■ **Exercise instructions**: Return, from the listing below, every line that includes "Crossbody".

■ **Provided records**:
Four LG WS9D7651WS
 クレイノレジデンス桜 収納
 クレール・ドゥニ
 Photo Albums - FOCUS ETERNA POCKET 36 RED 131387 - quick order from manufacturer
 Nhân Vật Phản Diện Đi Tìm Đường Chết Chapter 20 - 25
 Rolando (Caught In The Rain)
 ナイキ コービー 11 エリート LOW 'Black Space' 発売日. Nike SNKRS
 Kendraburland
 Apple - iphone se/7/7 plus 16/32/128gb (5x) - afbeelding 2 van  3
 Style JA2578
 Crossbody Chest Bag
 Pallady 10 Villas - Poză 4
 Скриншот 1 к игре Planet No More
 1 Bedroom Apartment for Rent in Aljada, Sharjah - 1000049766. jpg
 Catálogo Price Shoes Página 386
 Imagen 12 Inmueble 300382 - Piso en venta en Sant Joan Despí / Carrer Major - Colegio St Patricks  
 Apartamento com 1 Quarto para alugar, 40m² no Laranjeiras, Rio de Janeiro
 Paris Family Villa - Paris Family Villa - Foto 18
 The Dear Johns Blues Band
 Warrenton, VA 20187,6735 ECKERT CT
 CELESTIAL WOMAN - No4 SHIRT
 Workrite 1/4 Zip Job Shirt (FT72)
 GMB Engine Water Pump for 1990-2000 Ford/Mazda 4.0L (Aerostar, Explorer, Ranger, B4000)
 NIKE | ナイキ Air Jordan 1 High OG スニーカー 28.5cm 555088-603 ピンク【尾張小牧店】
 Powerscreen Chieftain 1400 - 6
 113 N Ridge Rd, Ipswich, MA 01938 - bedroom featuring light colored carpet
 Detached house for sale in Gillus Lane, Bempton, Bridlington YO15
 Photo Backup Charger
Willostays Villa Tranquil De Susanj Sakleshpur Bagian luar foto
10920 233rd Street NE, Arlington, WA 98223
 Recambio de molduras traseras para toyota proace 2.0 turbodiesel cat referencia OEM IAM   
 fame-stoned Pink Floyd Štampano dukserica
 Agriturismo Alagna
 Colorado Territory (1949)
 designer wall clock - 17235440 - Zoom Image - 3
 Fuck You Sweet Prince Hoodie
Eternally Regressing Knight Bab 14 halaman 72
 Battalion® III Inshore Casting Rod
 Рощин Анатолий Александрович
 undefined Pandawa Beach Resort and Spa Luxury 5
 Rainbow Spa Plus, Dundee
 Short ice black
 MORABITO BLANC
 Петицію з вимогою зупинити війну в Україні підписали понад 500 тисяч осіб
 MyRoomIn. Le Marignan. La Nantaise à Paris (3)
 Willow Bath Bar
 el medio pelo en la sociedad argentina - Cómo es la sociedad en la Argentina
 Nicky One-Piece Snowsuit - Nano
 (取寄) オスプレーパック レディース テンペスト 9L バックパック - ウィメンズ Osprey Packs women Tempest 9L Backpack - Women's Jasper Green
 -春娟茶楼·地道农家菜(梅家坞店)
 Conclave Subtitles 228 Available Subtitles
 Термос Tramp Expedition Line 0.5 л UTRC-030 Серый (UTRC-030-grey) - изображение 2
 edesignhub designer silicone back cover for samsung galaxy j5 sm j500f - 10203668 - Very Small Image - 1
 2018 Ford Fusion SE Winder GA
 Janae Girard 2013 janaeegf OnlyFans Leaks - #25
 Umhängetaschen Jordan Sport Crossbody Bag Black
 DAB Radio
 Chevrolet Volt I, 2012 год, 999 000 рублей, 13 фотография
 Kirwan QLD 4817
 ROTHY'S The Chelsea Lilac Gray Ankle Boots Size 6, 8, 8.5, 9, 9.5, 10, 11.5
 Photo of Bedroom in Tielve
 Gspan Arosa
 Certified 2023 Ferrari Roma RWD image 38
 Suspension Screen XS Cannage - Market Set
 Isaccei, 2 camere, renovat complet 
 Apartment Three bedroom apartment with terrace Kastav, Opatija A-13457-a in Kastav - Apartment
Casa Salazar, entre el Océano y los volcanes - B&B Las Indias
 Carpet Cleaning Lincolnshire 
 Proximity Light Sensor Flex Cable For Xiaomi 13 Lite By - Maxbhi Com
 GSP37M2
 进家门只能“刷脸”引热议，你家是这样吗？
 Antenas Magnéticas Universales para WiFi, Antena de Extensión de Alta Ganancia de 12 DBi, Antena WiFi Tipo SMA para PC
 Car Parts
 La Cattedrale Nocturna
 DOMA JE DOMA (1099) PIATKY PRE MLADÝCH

■ **Final answer**:
 Crossbody Chest Bag
 Umhängetaschen Jordan Sport Crossbody Bag Black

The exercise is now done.